4. Rising labor costs due to a lack of willing migrant workers who would do the work most Americans don’t want to do.
So the problem is complex. But the solution begins with a call for the White House to take the lead on reversing federally mandated use of corn to produce ethanol fuel. Imagine how many jobs we could save if we turned away from ethanol mandates and towards drilling in ANWR.
But don’t hold your breath waiting for help from this White House. Out in California, water has been diverted from the San Joaquin Valley in order to save the two-inch hypomesus transpacificus fish – also known as the delta smelt. This has caused a severe drought in the area with some farming towns like Mendota seeing unemployment numbers of 40%.
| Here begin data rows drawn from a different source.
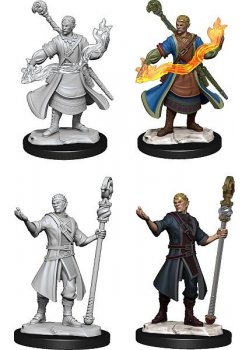 D&D Nolzur's Marvelous Miniatures: Half-Elf Wizard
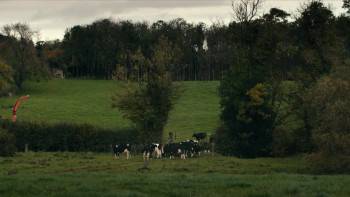 Screenshot 1 from Rachael Blackmore: A Grand Year (Full Movie)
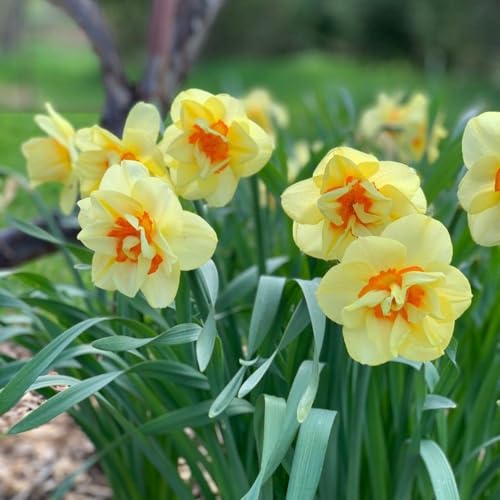 Votaniki Daffodil Double Tahiti Bulbs - Long Lasting & Fragrant Blooms Narcissus Tahiti (Double Daffodil) | Perennial Spring Flowers Easy to Grow (6 Pack)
In August, fifty mayors from the San Joaquin Valley asked President Obama to come see the devastation first-hand. He refused. Obama previously denied a request to designate California as a federal disaster area. To do so would have acknowledged the fact that Obama’s radical environmental policies are, quite literally, scorched earth policies. Just go to the San Joachim Valley and you’ll see plenty of scorched earth.
There’s little chance President Obama will take interest in the unforeseen effects his policies are having on the hog farming industry. In his part of the world there’s an endless supply of pork. And there’s no shortage of pigs feeding at the government trough.